◆ Supplied records
═══

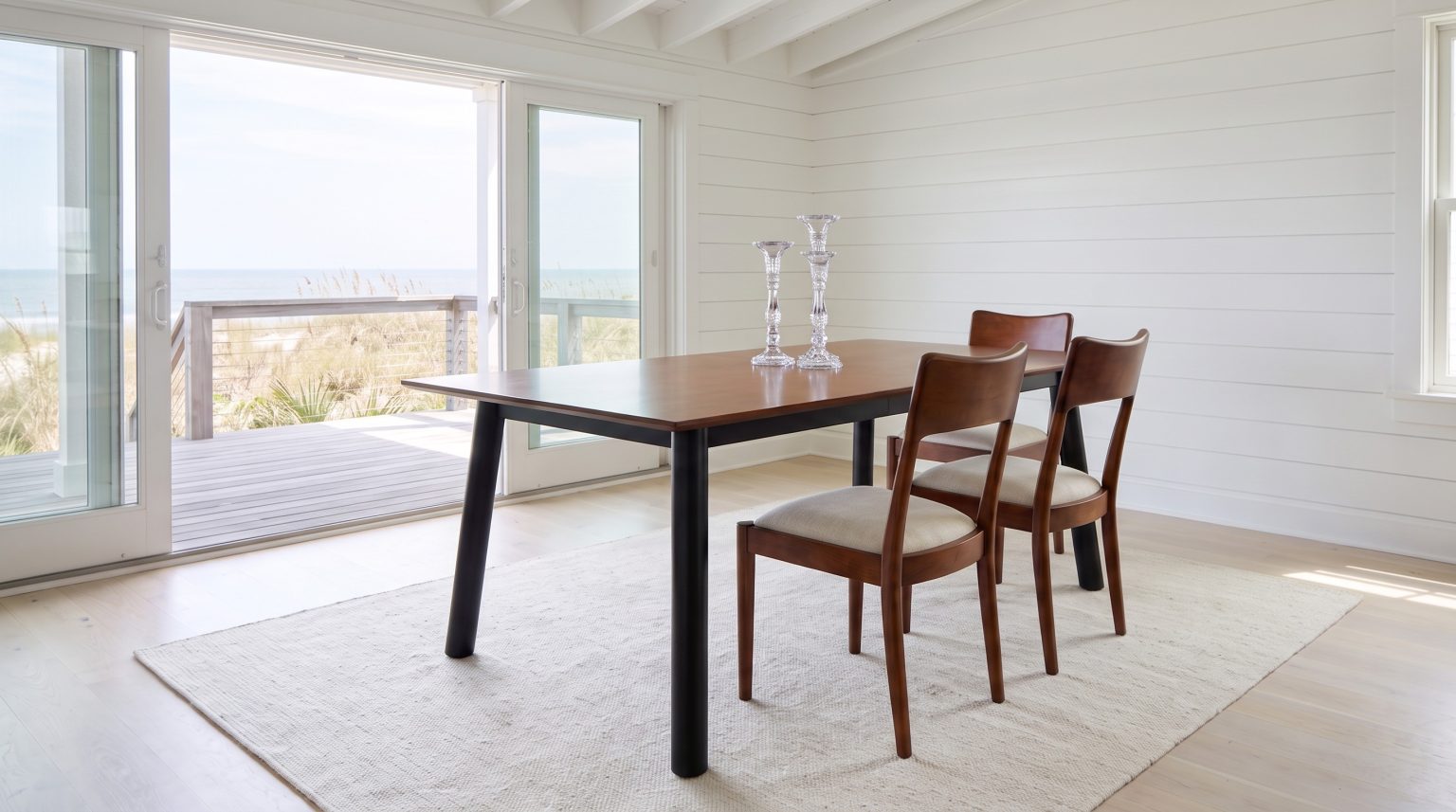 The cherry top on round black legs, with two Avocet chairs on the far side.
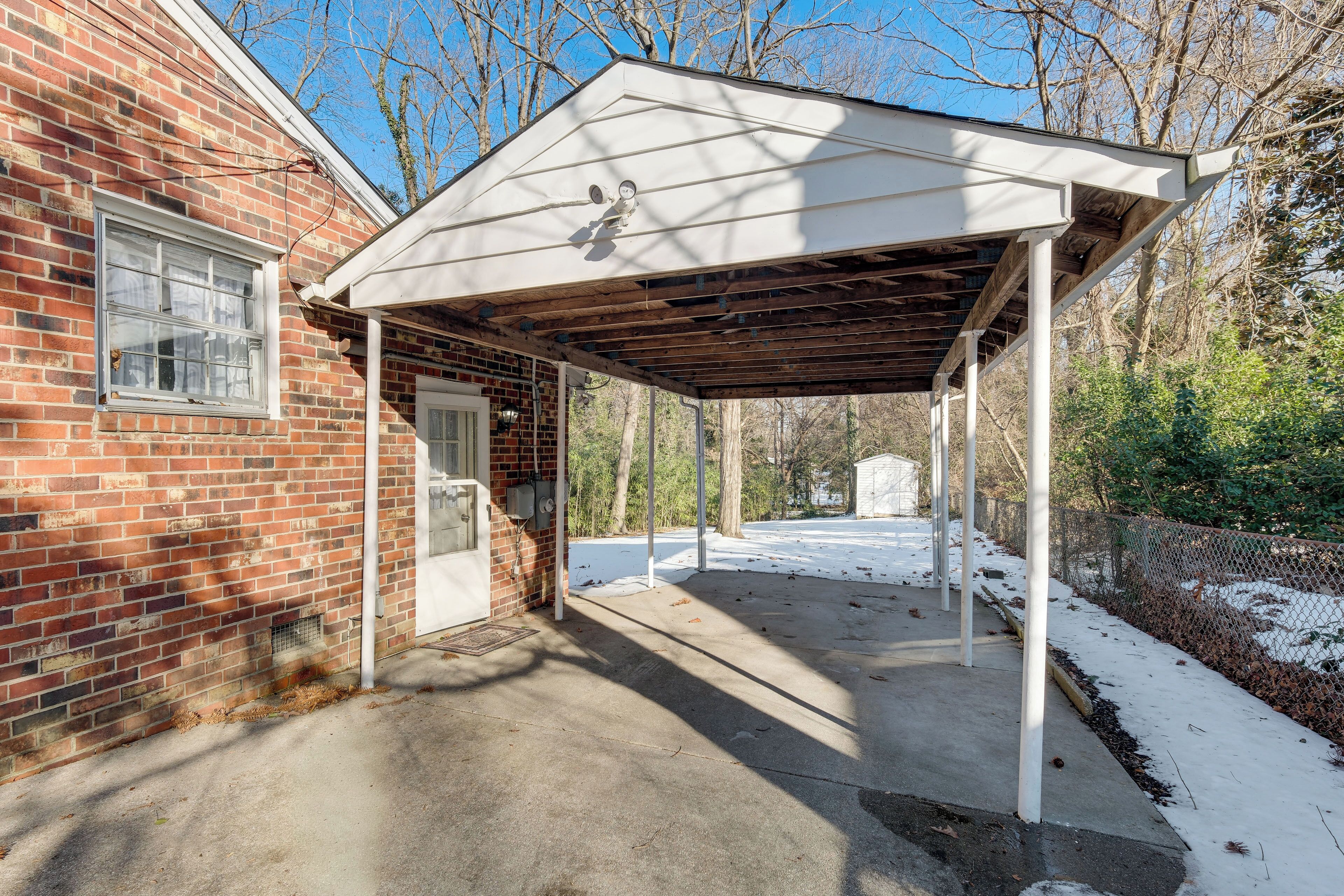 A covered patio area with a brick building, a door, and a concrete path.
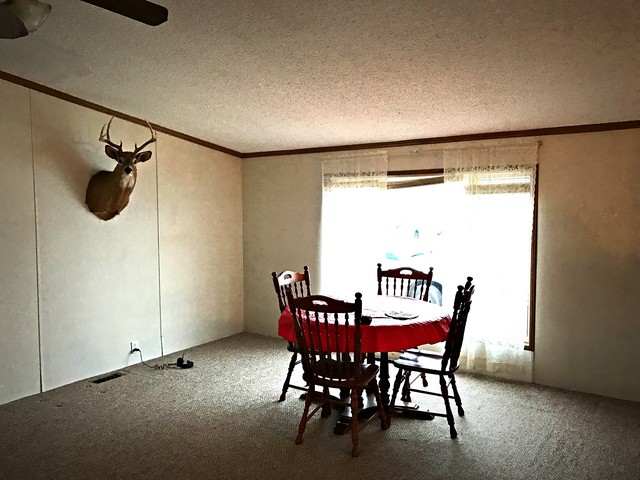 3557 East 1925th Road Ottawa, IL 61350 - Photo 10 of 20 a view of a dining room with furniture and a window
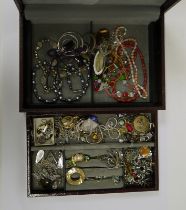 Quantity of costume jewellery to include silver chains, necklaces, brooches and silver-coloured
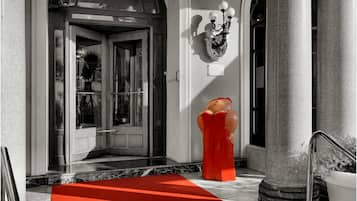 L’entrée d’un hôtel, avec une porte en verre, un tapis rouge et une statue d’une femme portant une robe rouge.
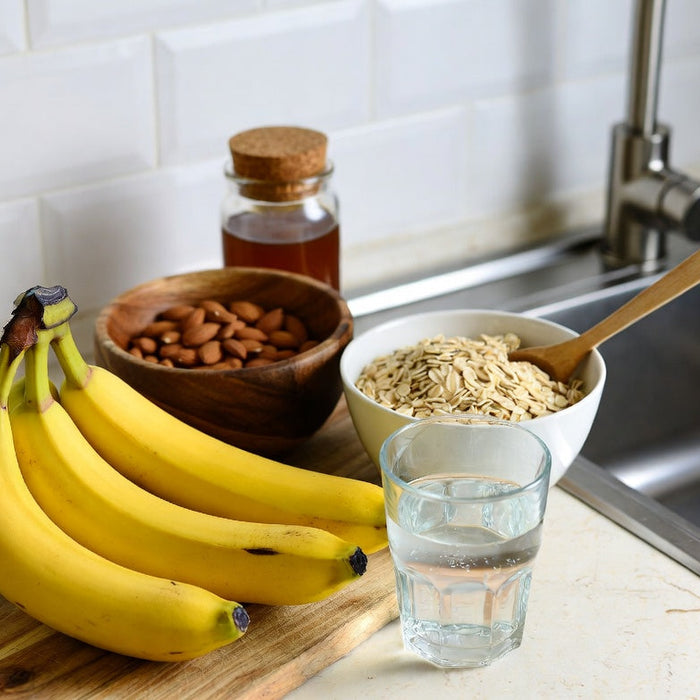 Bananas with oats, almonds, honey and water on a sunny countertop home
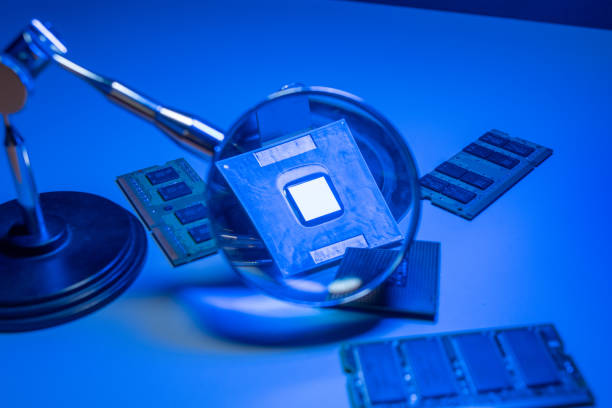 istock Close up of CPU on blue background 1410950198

═══

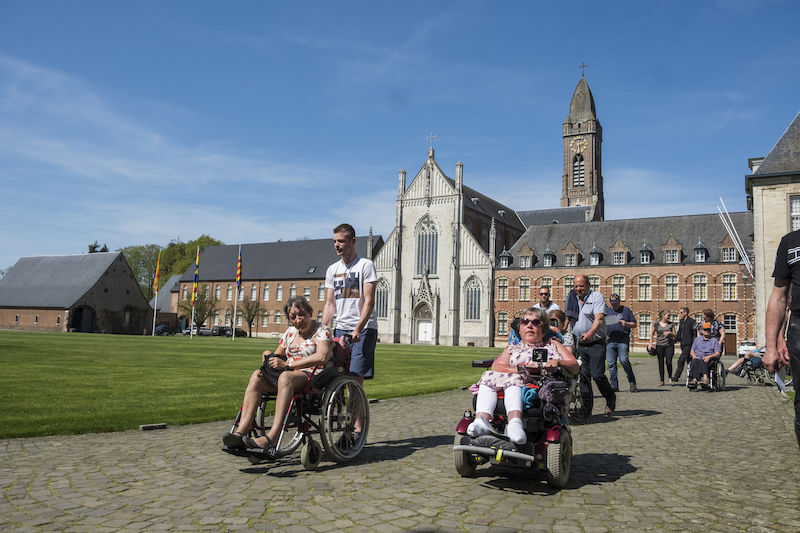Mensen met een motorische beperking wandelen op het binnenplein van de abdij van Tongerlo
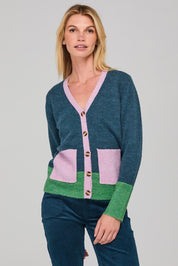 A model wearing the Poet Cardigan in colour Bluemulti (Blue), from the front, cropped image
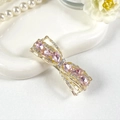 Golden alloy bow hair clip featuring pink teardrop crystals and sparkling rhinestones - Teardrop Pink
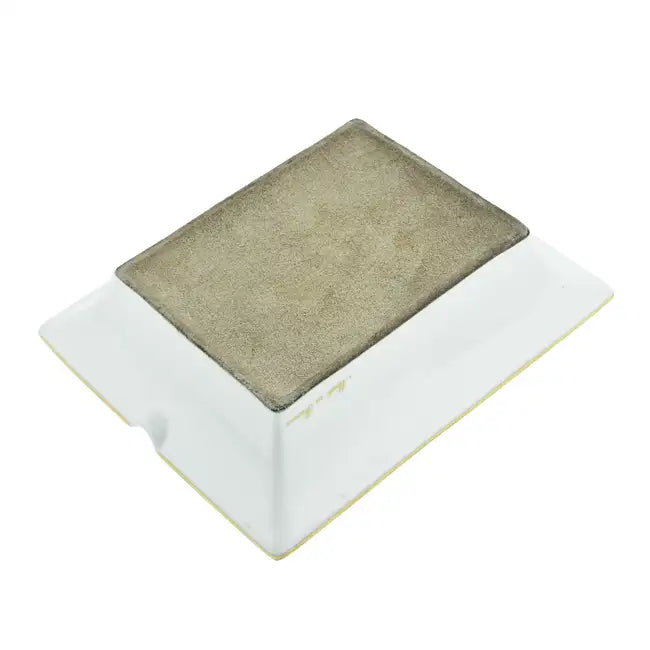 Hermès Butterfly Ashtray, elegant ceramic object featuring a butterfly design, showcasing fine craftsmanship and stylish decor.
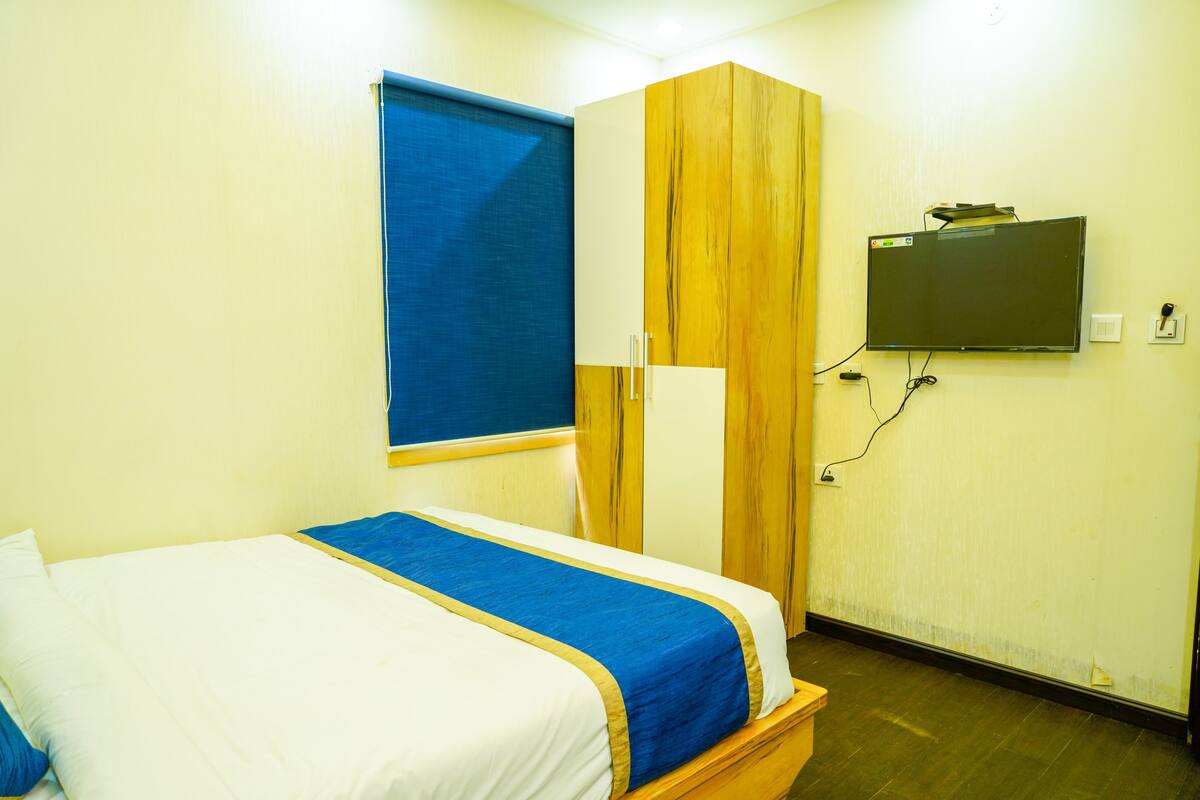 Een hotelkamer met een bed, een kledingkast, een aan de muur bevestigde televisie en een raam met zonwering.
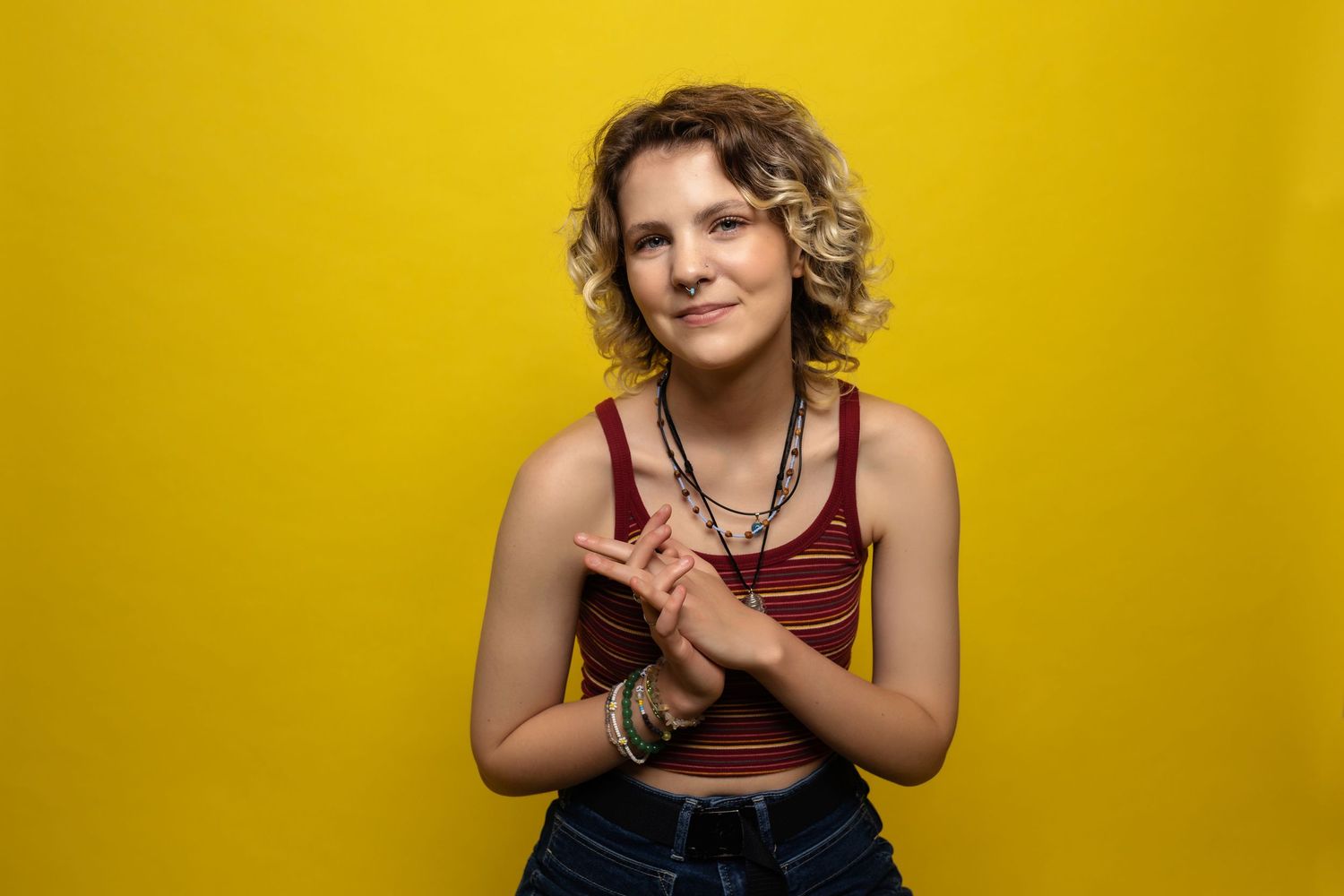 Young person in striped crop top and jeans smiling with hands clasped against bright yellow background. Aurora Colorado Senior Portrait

═══

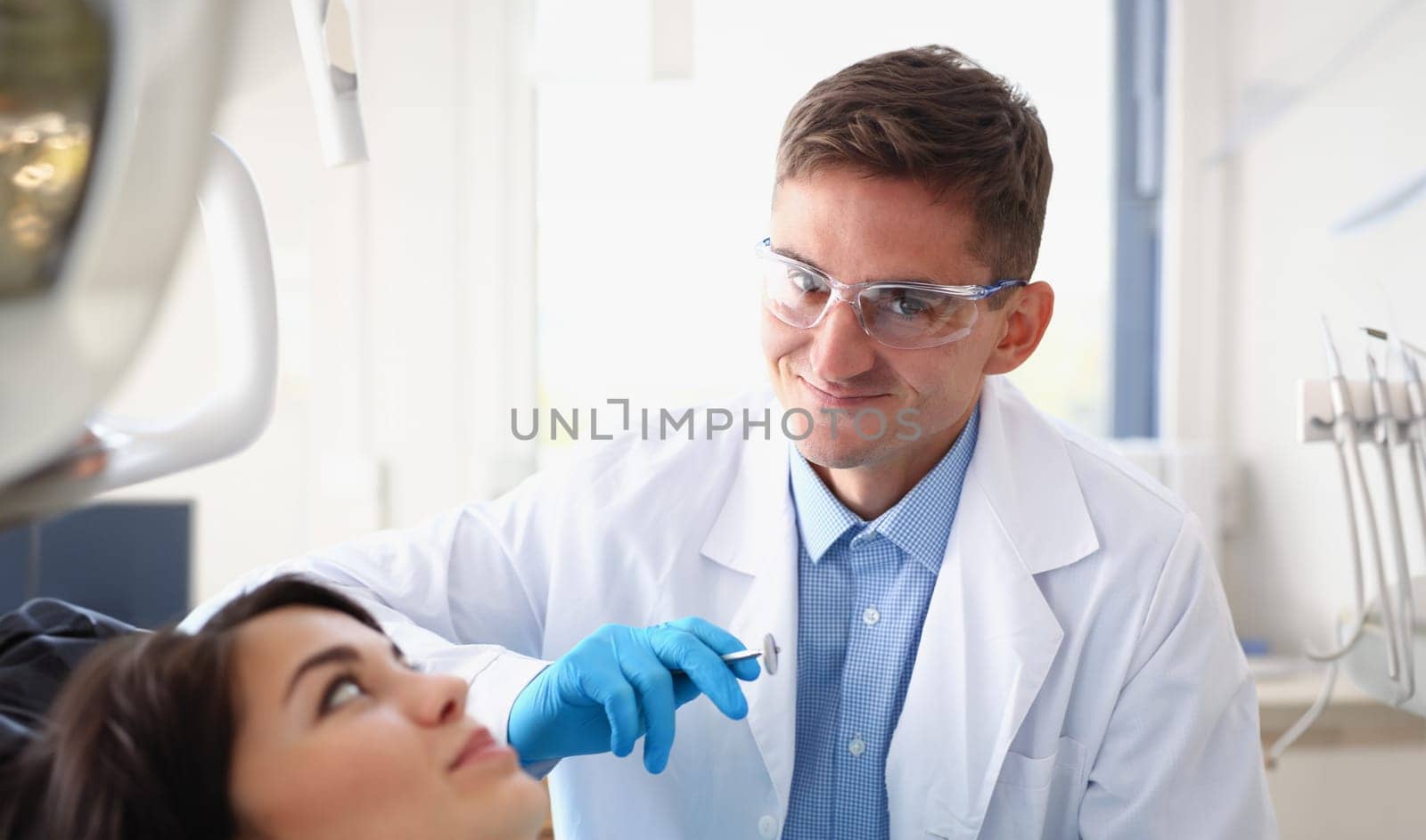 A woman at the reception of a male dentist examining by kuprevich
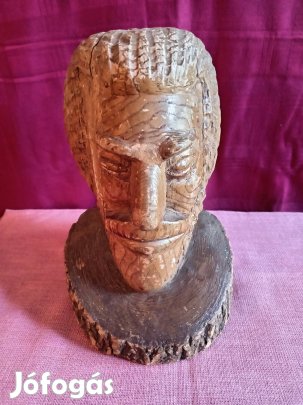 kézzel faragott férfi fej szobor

═══

◆ Task goal
From the line with "A model wearing" up to and including the line with "Young person in" above, retype every line exactly and nothing more; leave out the pictures.

◆ Expected answer
 A model wearing the Poet Cardigan in colour Bluemulti (Blue), from the front, cropped image
 Golden alloy bow hair clip featuring pink teardrop crystals and sparkling rhinestones - Teardrop Pink
 Hermès Butterfly Ashtray, elegant ceramic object featuring a butterfly design, showcasing fine craftsmanship and stylish decor.
 Een hotelkamer met een bed, een kledingkast, een aan de muur bevestigde televisie en een raam met zonwering.
 Young person in striped crop top and jeans smiling with hands clasped against bright yellow background. Aurora Colorado Senior Portrait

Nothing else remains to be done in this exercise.